Depois dos memoriais apresentados, indico que a Empresa - esse é um dado importante, por isso que, à época, eu tinha falado de processo de inconstitucionalização do modelo de uma lei ainda constitucional - é superavitária em apenas quatro unidades da Federação, Presidente: São Paulo, Rio de Janeiro, Minas Gerais e Distrito Federal, sendo deficitária em todas as demais. Quer dizer, aqui o subsídio cruzado também diz respeito a esse balanço federativo. Claro que isso demanda uma reforma que não pode ser feita no plano meramente judicial; isso exige uma compensação num contexto de reformulação da própria estrutura. O ministro Lewandowski chama a atenção para uma medida provisória que já estaria fazendo essa alteração.
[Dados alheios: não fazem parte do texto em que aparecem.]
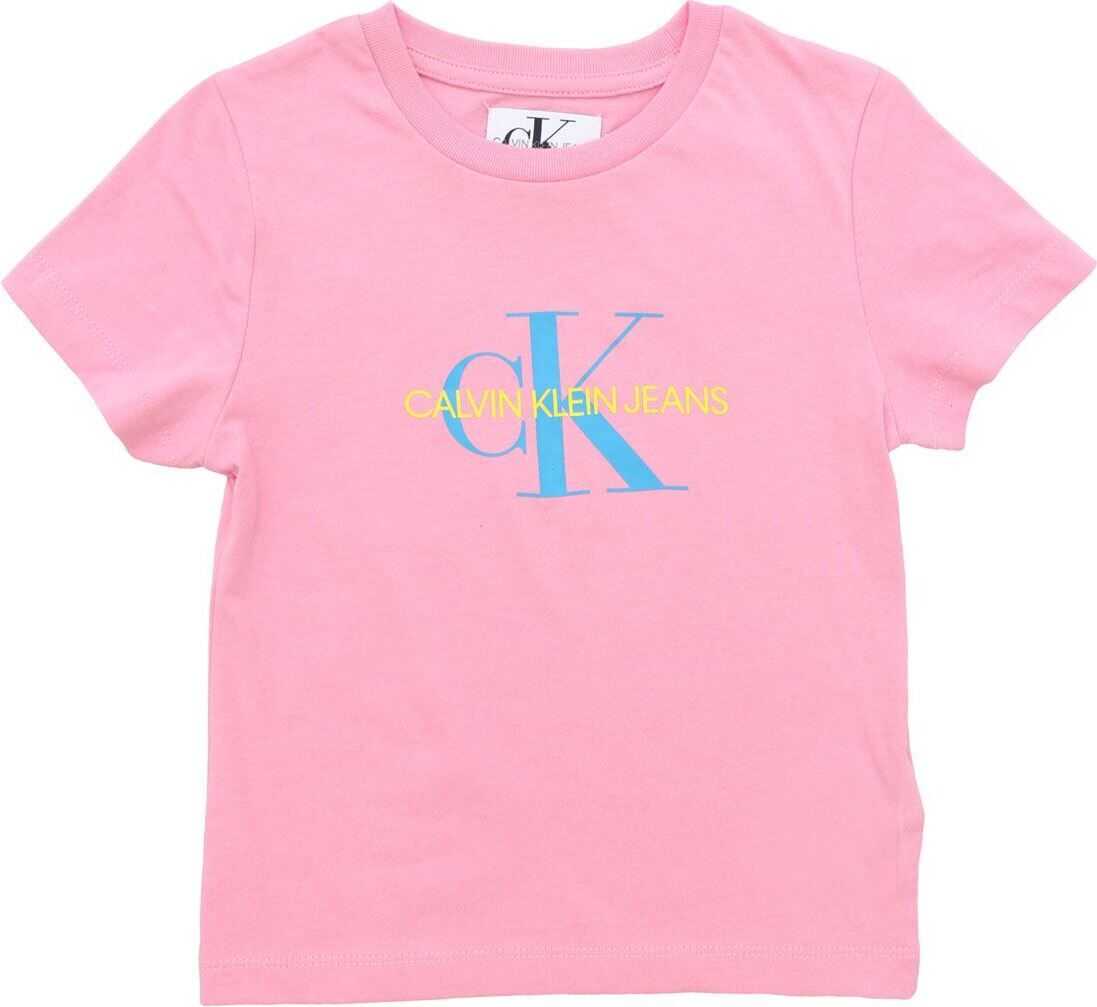 Calvin Klein Jeans Monogram Oco T-Shirt In Pink Pink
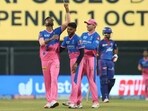 RR players celebrate a wicket during IPL 2021 match against DC(IPL)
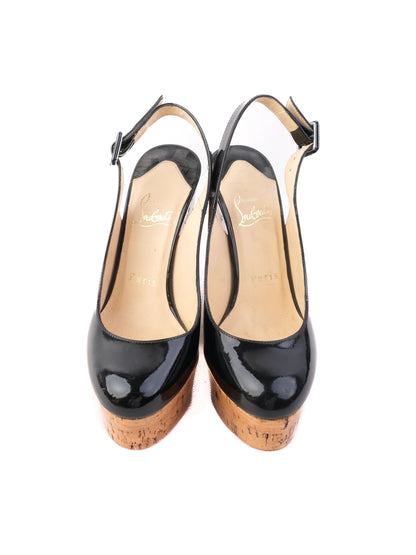 Christian Louboutin Black Leather Wedge Platform Shoes Size 35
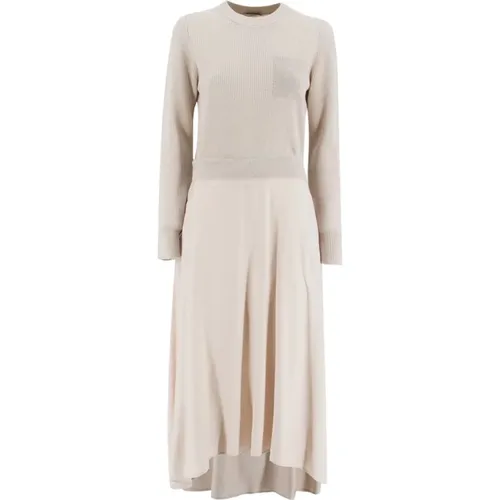 Round Neck Wool Silk Cashmere Dress , female, Sizes: S - PESERICO - Modalova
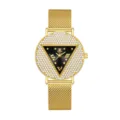Elegante reloj de cuarzo dorado para mujer con esfera triangular y correa de malla fina - Caja Dorada Esfera Negra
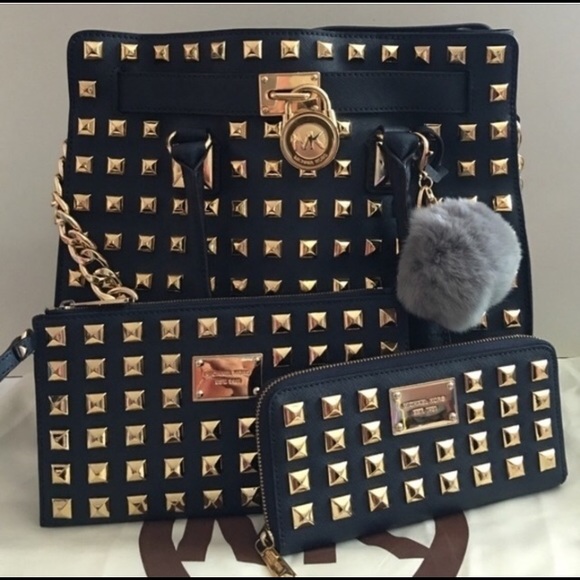 Michael kors navy blue purse/handbag/wallet set - Picture 1 of 3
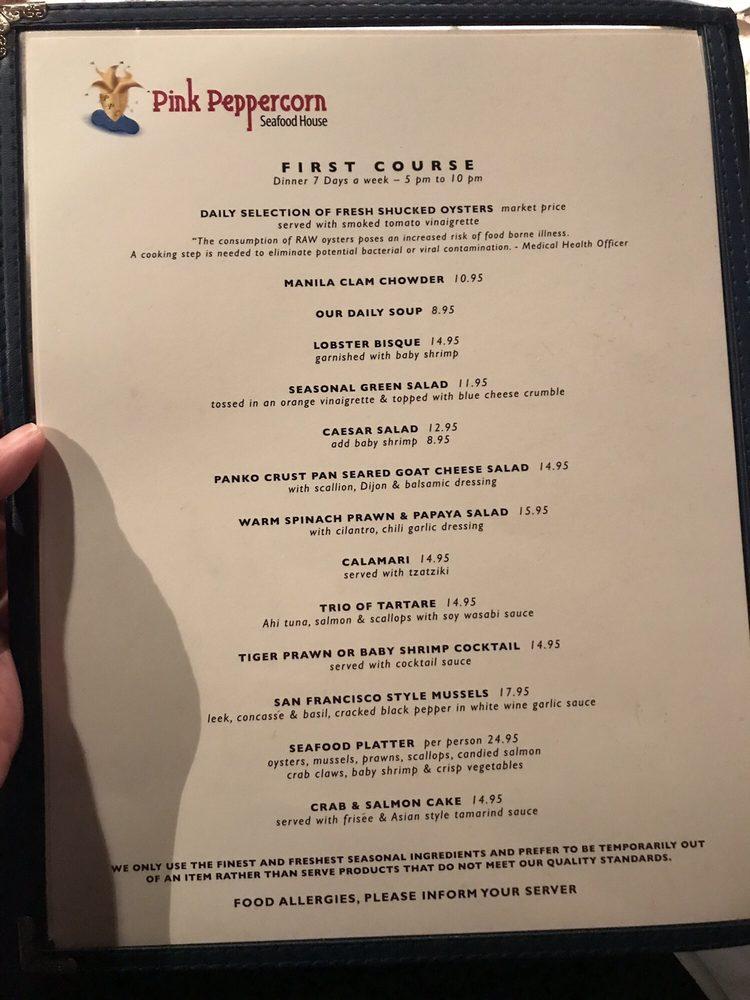 Menu at Pink Peppercorn Seafood House restaurant, Vancouver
Nesse contexto, é relevante relembrar que a Empresa está sujeita aos princípios da continuidade do serviço, da universalização do atendimento e da modicidade das tarifas. Um dado importante: mesmo no que diz respeito à entrega de encomendas, quem faz a entrega de encomendas nesses locais longínquos? (...) Certamente, não é empresa calcada nos padrões de lucratividade de mercado. Todos querem disputar esses grandes mercados, os grandes conglomerados urbanos, mas vai entregar alguma coisa em Cabrobó! Isso acaba sendo monopólio. Aí, os Correios têm o ônus. (...) Então, como, sem uma nova modelagem, simplesmente dizer que nessa atividade já não goza da imunidade, quando nós sabemos que é exatamente essa atividade que permite subsidiar a atividade monopolística normal da entrega de cartas e encomendas - extremamente importante para a integração deste país, para a comunicação deste país? (...) Então, é fundamental que se perceba esse modelo do subsídio cruzado para um serviço público. A forma jurídica, aqui, está marcada por acidentalidades. Nós já reconhecemos, em relação aos próprios Correios, por exemplo, o regime de precatório por conta dessas características. É fundamental. Peço desculpas, mas quero apenas realçar a importância desse posicionamento, embora reconheça que esse é um processo que está in fiere, que poderá ganhar um novo formato. O próprio perfil de garantia institucional do chamado "monopólio postal" comporta essa atualização. E nem me causa qualquer transtorno o fato de os Correios exercerem, por exemplo, atividade bancária. Felizmente, eles podem exercê-la, até para se subsidiarem. Veja: pagar benefícios nessas longínquas localidades que sequer banco têm. Na verdade, isso não é defeito, é virtude dos Correios.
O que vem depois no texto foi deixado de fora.